WHAT THE EXERCISE ASKS:
Go to the line holding "Arbre de transmission" in the entries below and write out exactly every line down to and including the line holding "Критический разбор самых".

Crawled caption data
((

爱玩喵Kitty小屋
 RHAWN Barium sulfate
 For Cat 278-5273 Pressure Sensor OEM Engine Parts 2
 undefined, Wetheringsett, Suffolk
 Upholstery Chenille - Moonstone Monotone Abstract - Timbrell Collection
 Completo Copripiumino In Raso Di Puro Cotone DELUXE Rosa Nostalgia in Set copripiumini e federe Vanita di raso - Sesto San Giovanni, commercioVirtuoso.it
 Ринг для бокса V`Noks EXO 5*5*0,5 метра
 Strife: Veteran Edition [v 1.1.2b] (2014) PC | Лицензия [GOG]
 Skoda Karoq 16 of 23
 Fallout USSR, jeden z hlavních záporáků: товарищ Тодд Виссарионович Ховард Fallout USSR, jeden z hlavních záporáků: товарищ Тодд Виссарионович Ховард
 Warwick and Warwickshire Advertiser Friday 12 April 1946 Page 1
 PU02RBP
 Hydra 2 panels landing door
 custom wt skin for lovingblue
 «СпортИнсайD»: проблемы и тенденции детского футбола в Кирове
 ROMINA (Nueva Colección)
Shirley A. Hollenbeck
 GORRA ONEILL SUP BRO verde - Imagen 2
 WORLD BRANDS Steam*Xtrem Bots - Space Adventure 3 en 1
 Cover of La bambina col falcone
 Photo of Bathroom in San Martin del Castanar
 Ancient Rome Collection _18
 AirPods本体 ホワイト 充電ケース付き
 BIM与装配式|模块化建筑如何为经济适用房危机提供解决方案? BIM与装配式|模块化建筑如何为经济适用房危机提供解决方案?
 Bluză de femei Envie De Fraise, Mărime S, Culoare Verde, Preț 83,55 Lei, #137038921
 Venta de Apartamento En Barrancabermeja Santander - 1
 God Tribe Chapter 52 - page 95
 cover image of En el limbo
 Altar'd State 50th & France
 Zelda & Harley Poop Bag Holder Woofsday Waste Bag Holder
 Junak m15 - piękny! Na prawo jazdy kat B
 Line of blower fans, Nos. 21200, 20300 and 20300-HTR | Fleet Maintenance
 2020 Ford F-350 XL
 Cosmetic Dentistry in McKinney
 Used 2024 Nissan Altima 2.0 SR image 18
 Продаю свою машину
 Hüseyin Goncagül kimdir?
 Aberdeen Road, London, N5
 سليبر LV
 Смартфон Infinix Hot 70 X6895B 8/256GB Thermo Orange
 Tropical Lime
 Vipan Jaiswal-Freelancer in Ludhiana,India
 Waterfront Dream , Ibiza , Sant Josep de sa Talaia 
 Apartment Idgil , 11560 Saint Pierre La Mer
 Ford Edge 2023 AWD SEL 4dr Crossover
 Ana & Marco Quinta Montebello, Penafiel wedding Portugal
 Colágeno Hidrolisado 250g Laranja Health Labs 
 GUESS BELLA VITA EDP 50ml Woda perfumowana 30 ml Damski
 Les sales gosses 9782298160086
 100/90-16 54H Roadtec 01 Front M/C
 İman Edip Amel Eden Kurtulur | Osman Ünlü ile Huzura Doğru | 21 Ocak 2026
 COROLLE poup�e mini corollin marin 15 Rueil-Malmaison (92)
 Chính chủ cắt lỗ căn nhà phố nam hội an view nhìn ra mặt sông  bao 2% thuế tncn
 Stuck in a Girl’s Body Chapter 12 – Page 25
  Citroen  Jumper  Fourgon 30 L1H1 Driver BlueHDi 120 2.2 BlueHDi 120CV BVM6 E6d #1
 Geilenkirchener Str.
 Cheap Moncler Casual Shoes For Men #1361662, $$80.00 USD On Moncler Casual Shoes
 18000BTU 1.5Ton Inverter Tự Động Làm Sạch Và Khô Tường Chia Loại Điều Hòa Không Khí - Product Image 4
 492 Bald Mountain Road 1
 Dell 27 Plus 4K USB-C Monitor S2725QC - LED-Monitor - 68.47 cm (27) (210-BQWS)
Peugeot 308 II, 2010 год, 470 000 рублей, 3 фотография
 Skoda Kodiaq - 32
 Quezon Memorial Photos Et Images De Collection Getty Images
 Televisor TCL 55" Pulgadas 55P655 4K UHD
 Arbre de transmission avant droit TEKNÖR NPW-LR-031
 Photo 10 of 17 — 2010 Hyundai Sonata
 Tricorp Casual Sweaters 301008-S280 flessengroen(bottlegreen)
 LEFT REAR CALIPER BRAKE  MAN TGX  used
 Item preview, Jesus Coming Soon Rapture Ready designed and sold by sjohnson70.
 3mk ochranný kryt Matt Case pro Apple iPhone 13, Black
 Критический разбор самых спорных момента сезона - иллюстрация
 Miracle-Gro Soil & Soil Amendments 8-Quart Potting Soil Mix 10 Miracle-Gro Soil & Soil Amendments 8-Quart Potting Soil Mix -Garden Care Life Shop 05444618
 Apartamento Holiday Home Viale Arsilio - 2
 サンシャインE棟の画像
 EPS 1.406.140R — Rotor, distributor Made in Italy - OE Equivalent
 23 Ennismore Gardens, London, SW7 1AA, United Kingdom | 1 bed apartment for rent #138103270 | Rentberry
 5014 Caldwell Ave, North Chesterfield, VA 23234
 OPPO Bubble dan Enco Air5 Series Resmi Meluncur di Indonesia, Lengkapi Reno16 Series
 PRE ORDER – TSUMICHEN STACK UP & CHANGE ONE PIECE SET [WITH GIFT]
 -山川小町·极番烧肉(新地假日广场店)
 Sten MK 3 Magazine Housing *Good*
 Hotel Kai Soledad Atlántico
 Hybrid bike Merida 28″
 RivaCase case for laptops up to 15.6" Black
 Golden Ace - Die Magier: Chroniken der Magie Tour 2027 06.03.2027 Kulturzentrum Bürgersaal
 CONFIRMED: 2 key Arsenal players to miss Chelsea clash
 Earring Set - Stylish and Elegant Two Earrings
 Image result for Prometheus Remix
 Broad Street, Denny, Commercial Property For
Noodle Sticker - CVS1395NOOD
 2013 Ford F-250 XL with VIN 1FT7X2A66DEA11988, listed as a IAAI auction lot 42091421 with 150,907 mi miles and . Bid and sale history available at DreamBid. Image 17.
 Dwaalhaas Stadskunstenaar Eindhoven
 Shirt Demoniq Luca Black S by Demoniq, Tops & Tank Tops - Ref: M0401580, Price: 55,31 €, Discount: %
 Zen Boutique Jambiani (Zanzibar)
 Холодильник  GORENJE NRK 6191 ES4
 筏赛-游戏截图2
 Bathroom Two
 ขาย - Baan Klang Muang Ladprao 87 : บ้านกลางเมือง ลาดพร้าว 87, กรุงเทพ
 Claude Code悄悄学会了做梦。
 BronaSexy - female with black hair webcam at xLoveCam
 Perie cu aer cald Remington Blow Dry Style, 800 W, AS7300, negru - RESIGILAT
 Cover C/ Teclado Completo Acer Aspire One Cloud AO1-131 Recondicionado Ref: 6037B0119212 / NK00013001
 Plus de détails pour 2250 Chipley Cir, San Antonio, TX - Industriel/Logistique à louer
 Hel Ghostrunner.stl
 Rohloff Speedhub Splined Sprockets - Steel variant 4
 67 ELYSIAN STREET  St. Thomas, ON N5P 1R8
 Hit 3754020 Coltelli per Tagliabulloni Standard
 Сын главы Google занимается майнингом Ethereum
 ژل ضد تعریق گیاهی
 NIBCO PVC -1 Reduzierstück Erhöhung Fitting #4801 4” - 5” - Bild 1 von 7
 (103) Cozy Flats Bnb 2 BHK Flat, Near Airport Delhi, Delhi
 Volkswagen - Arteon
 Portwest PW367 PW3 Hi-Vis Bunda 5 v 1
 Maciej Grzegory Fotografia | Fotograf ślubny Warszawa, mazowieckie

))

RESULT FOR THIS TASK:
 Arbre de transmission avant droit TEKNÖR NPW-LR-031
 Photo 10 of 17 — 2010 Hyundai Sonata
 Tricorp Casual Sweaters 301008-S280 flessengroen(bottlegreen)
 LEFT REAR CALIPER BRAKE  MAN TGX  used
 Item preview, Jesus Coming Soon Rapture Ready designed and sold by sjohnson70.
 3mk ochranný kryt Matt Case pro Apple iPhone 13, Black
 Критический разбор самых спорных момента сезона - иллюстрация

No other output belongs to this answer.